- **TASK TO CARRY OUT**: Each line between the one holding "Capannelle Wine * Gaiole in Chianti" and the end of the material below, both included, is to be transcribed word for word, with pictures left out.

(DATA BELOW begins)

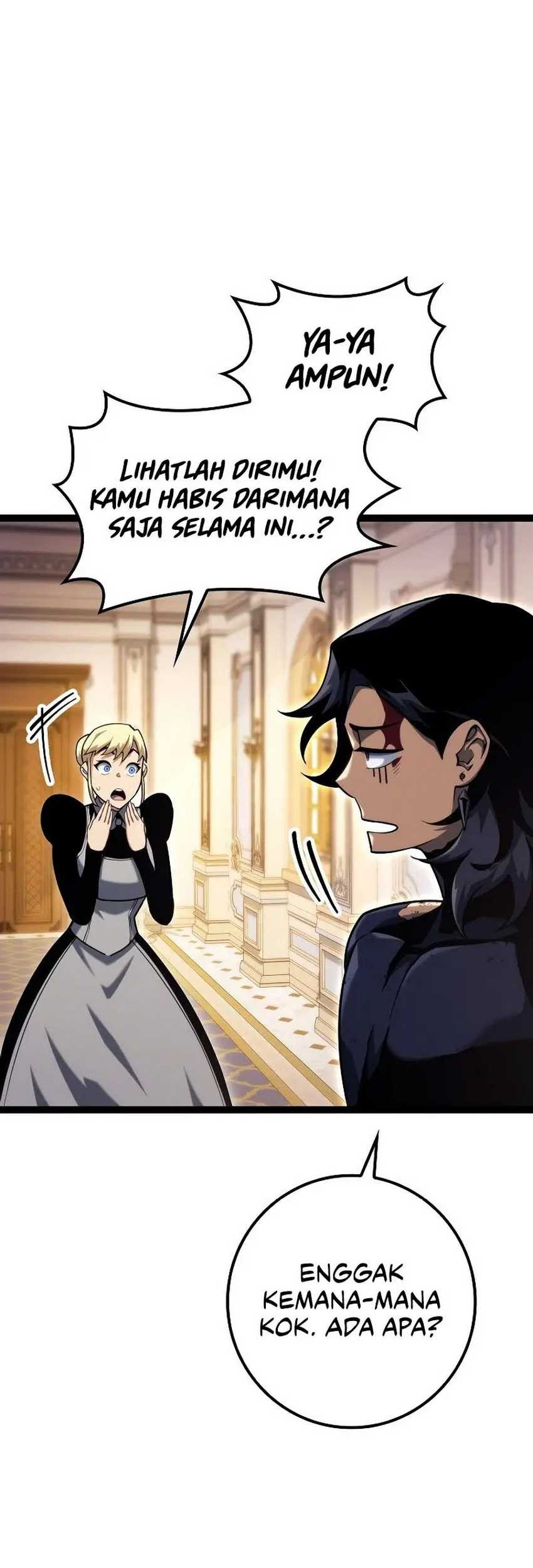 Regressing As The Reincarnated Bastard Of The Sword Clan Chapter 16 Gambar 28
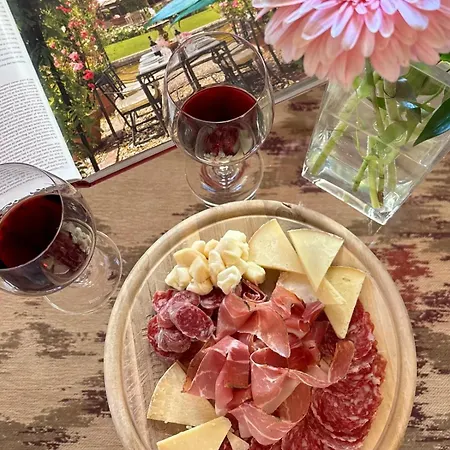 Capannelle Wine * Gaiole in Chianti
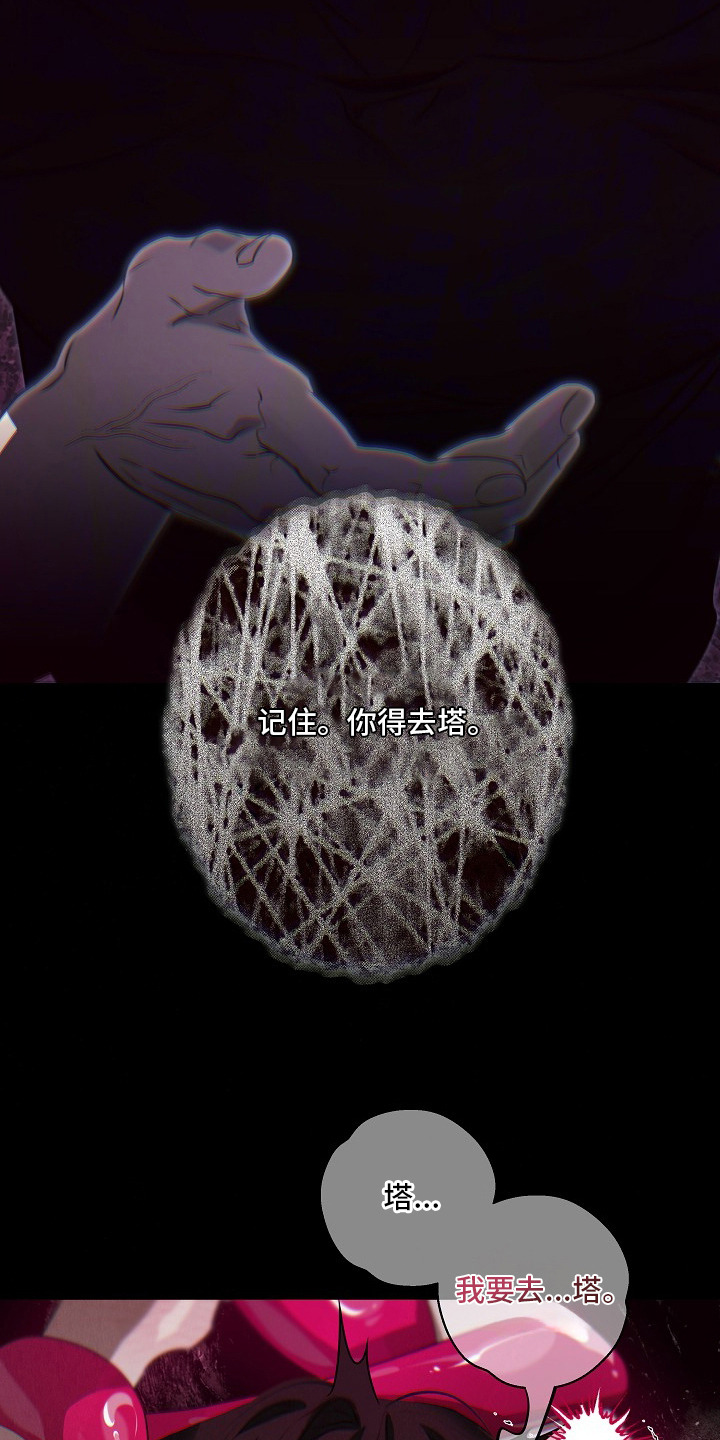 塔中猎物 - 外星球 - 第16页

(DATA BELOW ends)

- **EXERCISE RESULT**:
 Capannelle Wine * Gaiole in Chianti
 塔中猎物 - 外星球 - 第16页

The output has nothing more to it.